A Reason, A Season, or A Lifetime

Believe it or not, people who are currently in our lives won't necessarily be in them forever. Many of us have thought at one point that a so-called "friend" was treating us a certain way and that we didn't deserve it. I used to have a friend in high school (we'll call him Andrew) who was always tearing me down about how I was "too white" and a sell out because I didn't embrace African-American culture enough. He may have had a point, but that's not the one I'm trying to make here. The irony of the whole situation was that he was from India and was embracing African American culture as a way of fitting with American society more. I understood this, but didn't really care for the way that he continually baited me.

I put up with it for a long time (a couple of years, in fact) until, one day, it occurred to me that Andrew and I really didn't have that much in common in the first place. We had become friends through a mutual friend and that mutual friend had since moved away. I continued to hang out with Andrew because of convenience. I decided then and there that the next time he called me, I wouldn't call him back. And that's exactly what I did.

Now, this may seem harsh that I simply severed the friendship and didn't return his phone call. The latter, admittedly was a poor way of handling the situation, but the former was something that I have never regretted. Hindsight being 20/20 and all that, I should have had a conversation with him about how I didn't think the friendship was serving either one of us anymore. It was true, neither one of was getting anything out of the friendship, other than a convenient buddy to hang out with from time to time. With over 10 years to reflect on it, yes, I should have had this conversation. I do somewhat regret this.

However, I do not regret the decision of choosing to "change my playground" and not be friends with Andrew anymore. Yeah, I was a little lonely for awhile but I eventually made new friends. I know that Andrew did the same. I heard from him recently and he's married with a family, just like I am. Neither one of us went crazy and went on a killing spree or anything like that.

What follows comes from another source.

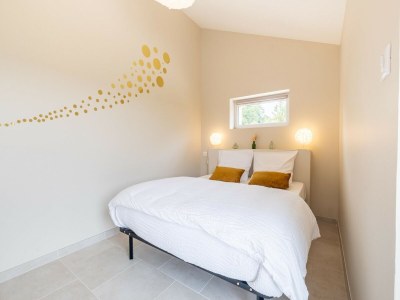 Holiday house Charming Holiday Home with Private Pool - Features photo 28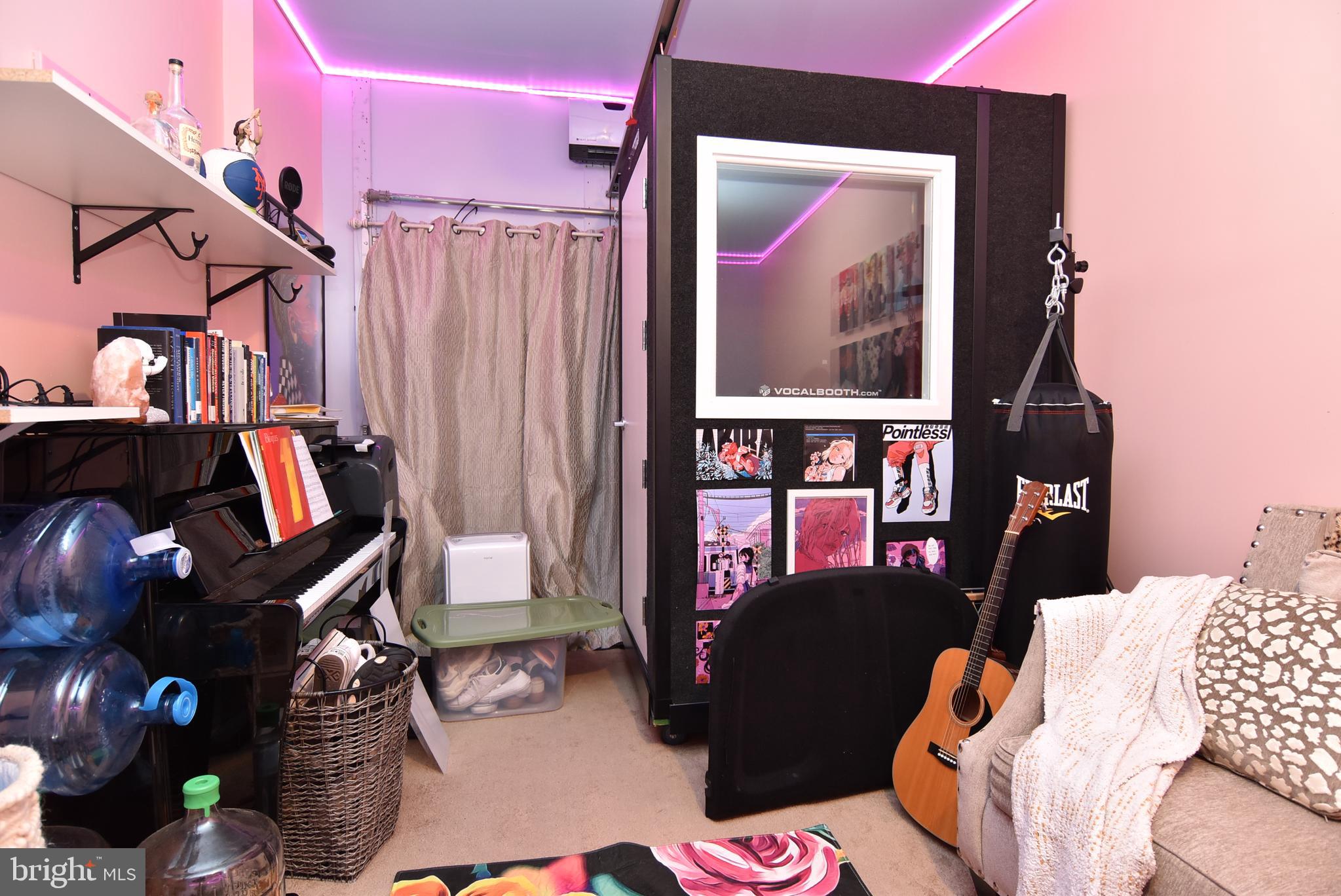 VILLAS AT WALDEN - Residential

My point is that there are occasions in like where we really should "change playgrounds" and not be friends with someone anymore. There's a popular saying that a friend of mine likes to say, "Friends are either in your life for a reason, a season or a lifetime". Not everyone that you consider a pal needs to be in your life always. This is especially true if you feel they're bringing you down. As with Andrew, his constant criticism was really challenging for me. It doesn't make him a bad person; part of the problem was that I didn't teach him how to treat me (which is another topic for another day's blog post) and so it wasn't completely his fault.

If your have someone in your life right now who really isn't benefiting you or even bringing you down, consider letting them go. Take a serious look at the relationship and see what you're both getting out of the relationship. If you can't, personally, come up with at least two positive things that you get from the friendship every week, then maybe you should think about letting them go. Or, at the very least, don't feel like you are required to see them as much as you do. Friends should provide happiness, insight and fun to your life, not guilt, dependence or negative energy. It's definitely something to consider.

Monday, May 16, 2011

Toleration

Wikipedia defines "Toleration" as "the practice of deliberately allowing or permitting a thing of which one disapproves". This is a perfect starting point because when you're tolerating things in your life, you not only typically disapprove of them, but they're also dragging you down and taking something away from your life.

Tolerations can be small things, like unwanted clothes that don't fit anymore, a dirty car, even a flickering light bulb. They can also be much, much bigger things. People who don't respect your time, coworkers who don't listen to you, a spouse or partner who doesn't believe in your dreams. No matter what it is, if you're tolerating something in your life, it's taking away from you. It's draining your energy in some way.

Sometimes it's hard to get rid of tolerations because we're so used to them being in our lives that they exist more on a subconscious level. We don't get sick of them until our frustration builds to the point of not being able to take it anymore and we might even have a blow up about it. Before it gets to that point, consider doing a 30 day exercise from Thomas Leonard's "28 Laws of Attraction".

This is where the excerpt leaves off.